_Records supplied_:
===
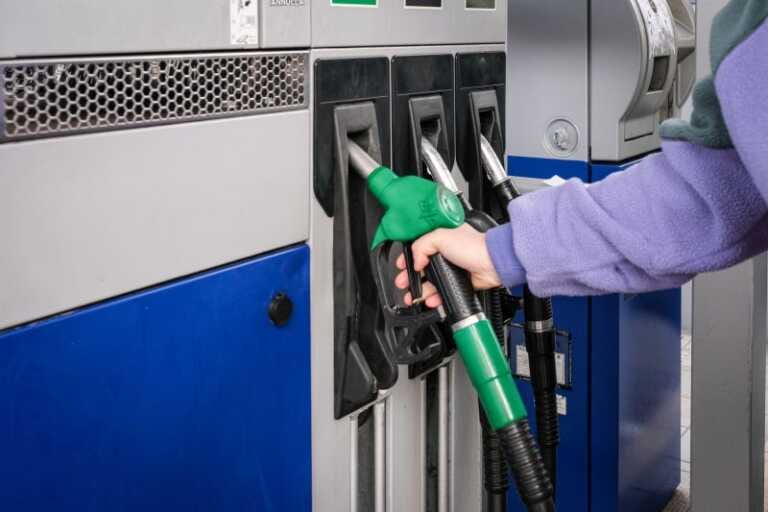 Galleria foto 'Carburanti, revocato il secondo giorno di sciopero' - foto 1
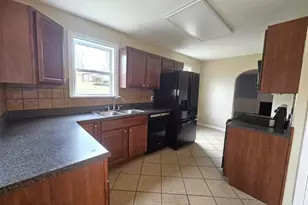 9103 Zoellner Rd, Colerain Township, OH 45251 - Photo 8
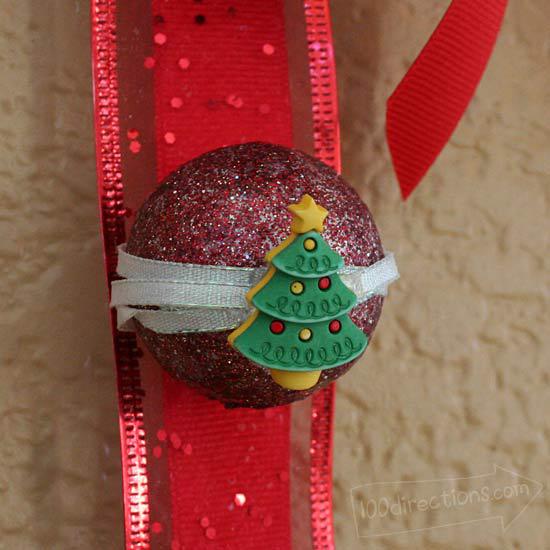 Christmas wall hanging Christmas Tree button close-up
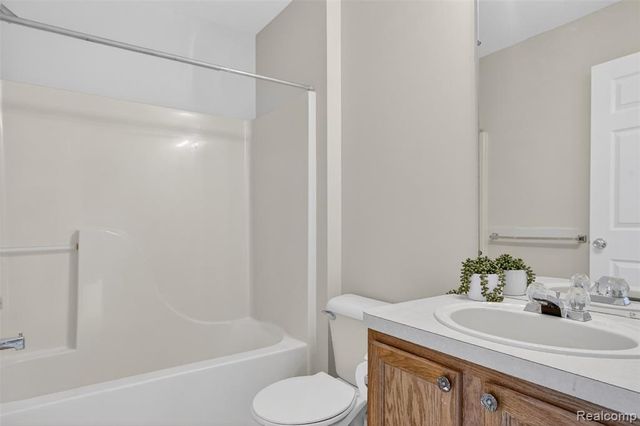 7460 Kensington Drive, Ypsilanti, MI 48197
===
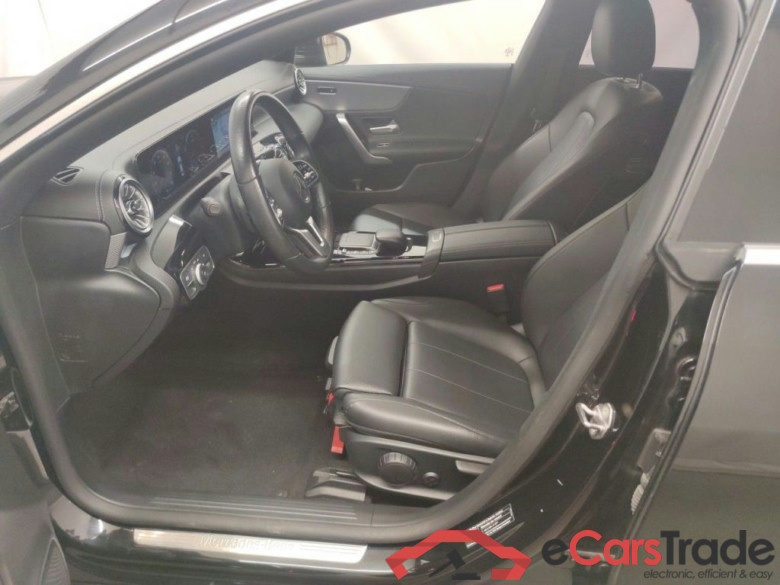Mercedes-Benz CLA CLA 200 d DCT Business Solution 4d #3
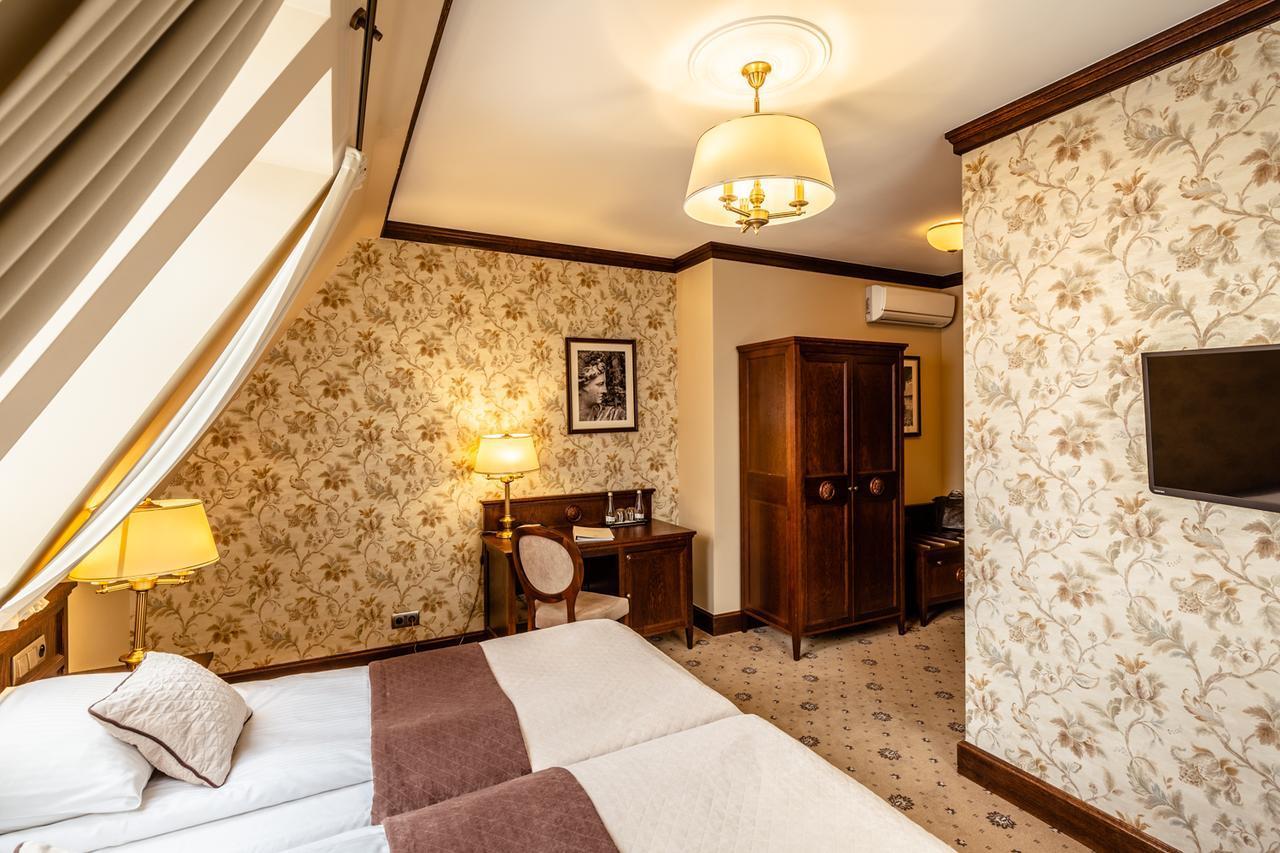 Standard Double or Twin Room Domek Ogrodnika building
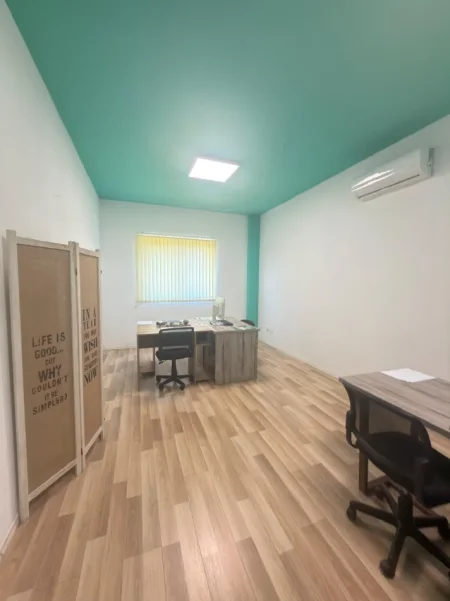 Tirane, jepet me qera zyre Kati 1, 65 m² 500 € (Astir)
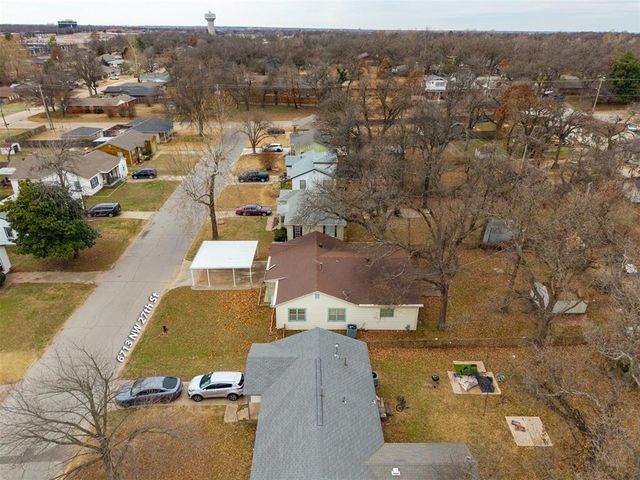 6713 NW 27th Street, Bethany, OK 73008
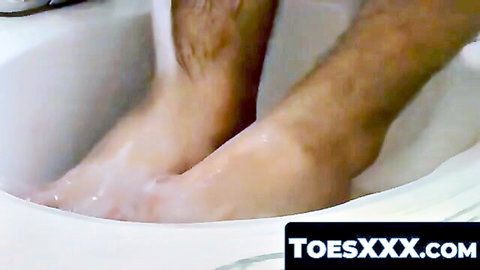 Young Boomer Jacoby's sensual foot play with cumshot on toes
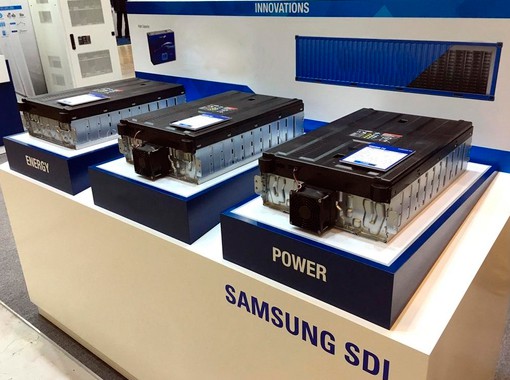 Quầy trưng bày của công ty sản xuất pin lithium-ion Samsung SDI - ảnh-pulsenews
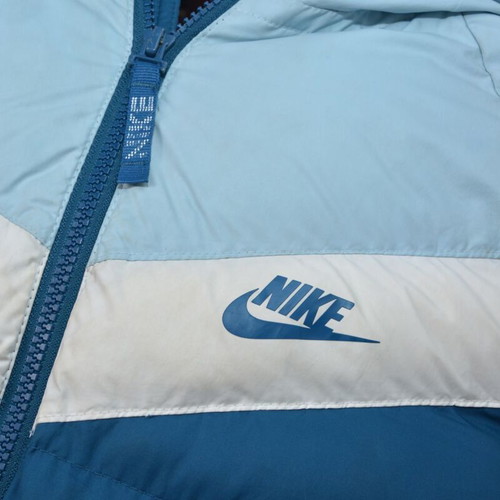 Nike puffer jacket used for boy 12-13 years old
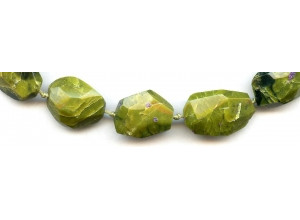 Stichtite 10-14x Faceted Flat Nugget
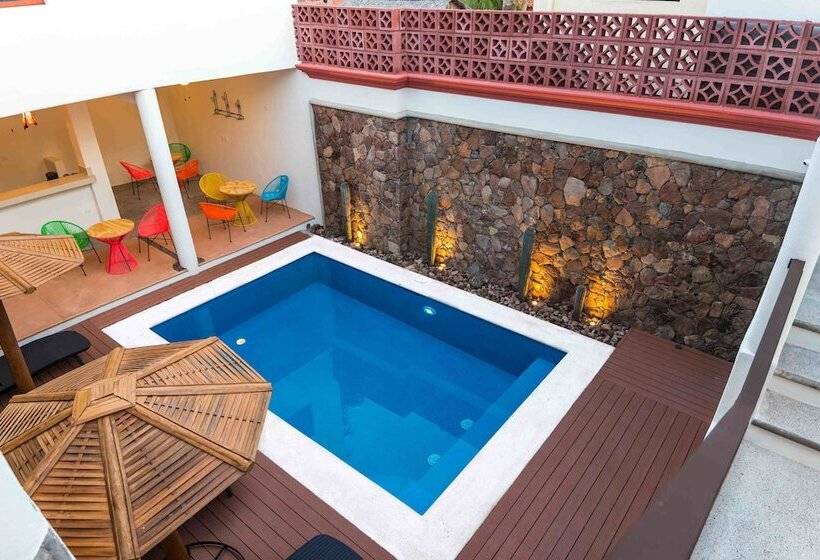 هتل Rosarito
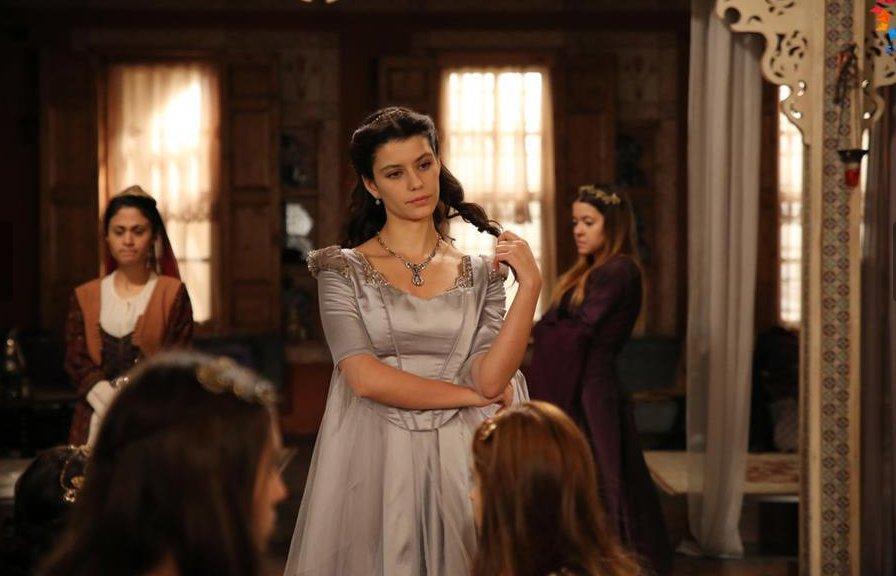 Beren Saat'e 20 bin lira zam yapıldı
===
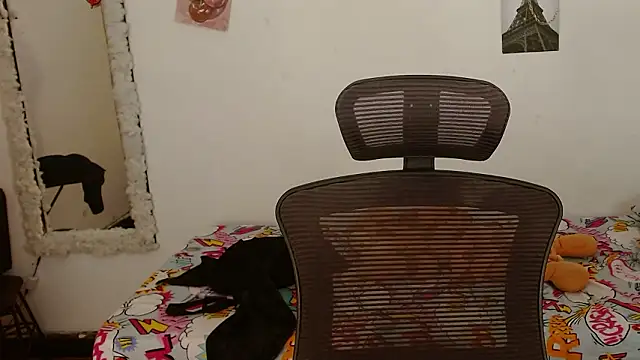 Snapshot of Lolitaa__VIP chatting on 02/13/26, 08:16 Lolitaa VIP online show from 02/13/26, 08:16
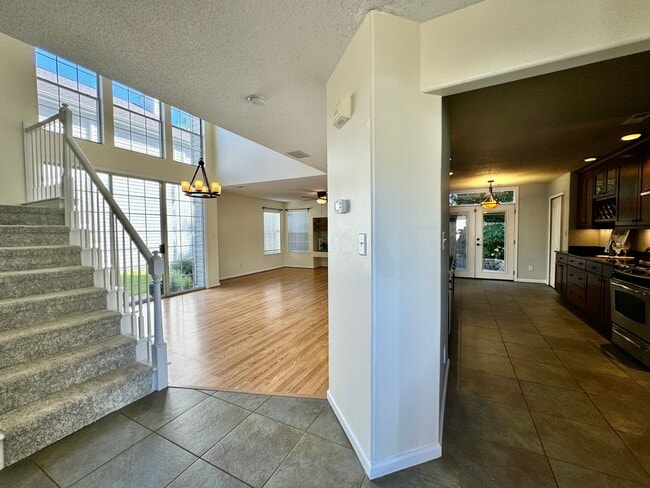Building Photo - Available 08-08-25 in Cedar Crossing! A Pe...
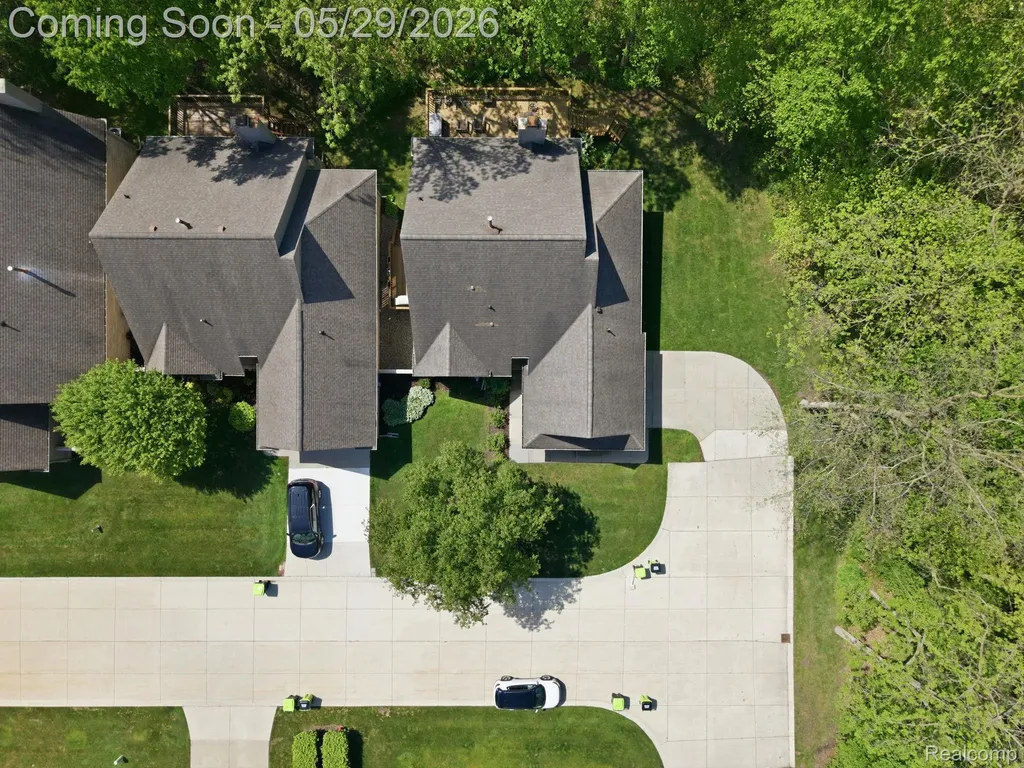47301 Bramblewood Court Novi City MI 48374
===
_Exercise goal_: Range to copy from the listing above: the line with "Young Boomer Jacoby's" through the line with "Beren Saat'e 20 bin lira zam yapıldı". Transcribe it exactly and skip the pictures.

_Output of the exercise_:
 Young Boomer Jacoby's sensual foot play with cumshot on toes
 Quầy trưng bày của công ty sản xuất pin lithium-ion Samsung SDI - ảnh-pulsenews
 Nike puffer jacket used for boy 12-13 years old
 Stichtite 10-14x Faceted Flat Nugget
 هتل Rosarito
 Beren Saat'e 20 bin lira zam yapıldı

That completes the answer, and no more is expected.